The data:
========================================================================
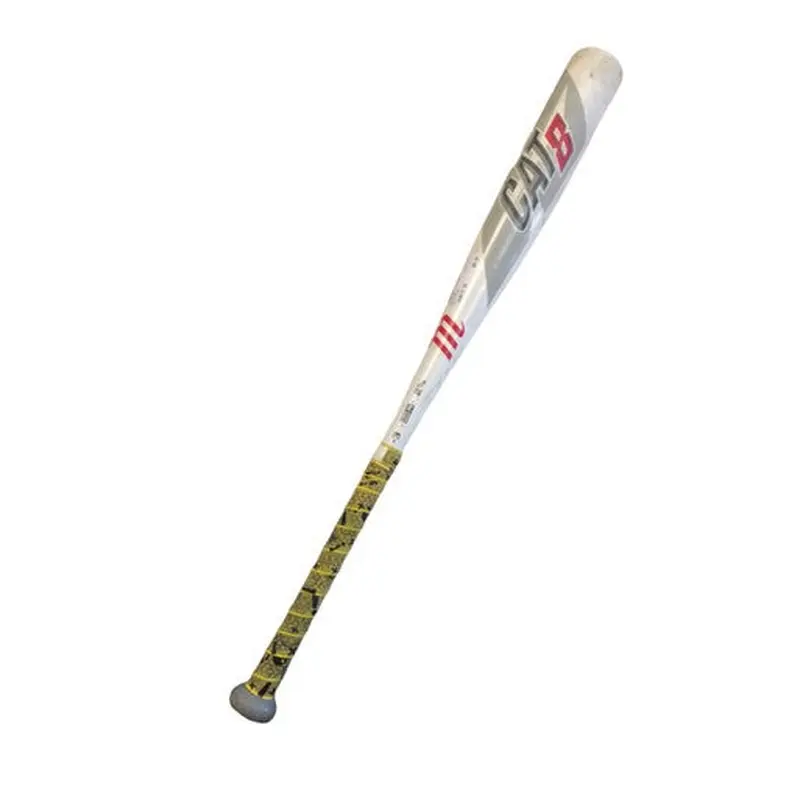 Used Marucci CAT 8 BB/SB High School -3 Bat 31" 11706-S000349381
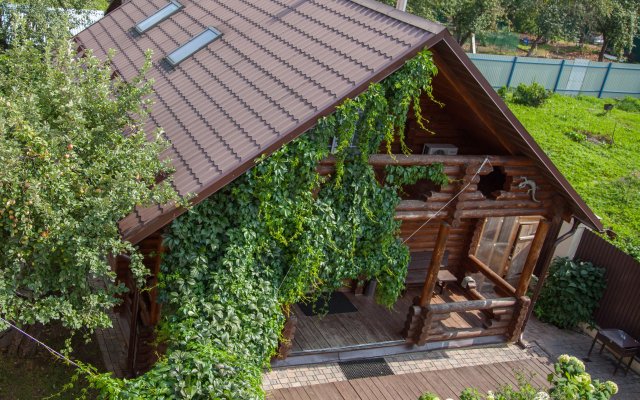 Atlanta Sheremetyevo Guest House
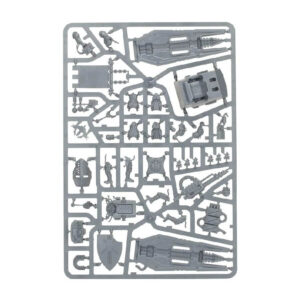 Knight Despoiler Sprues1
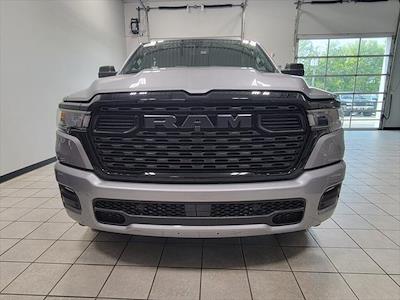 New 2025 Ram 1500 Tradesman Crew Cab 4x4 Pickup for sale #DR25059 - photo 2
========================================================================
Your goal: Please retype the data exactly as it appears, but without any of its pictures.

Exercise response:
 Used Marucci CAT 8 BB/SB High School -3 Bat 31" 11706-S000349381
 Atlanta Sheremetyevo Guest House
 Knight Despoiler Sprues1
 New 2025 Ram 1500 Tradesman Crew Cab 4x4 Pickup for sale #DR25059 - photo 2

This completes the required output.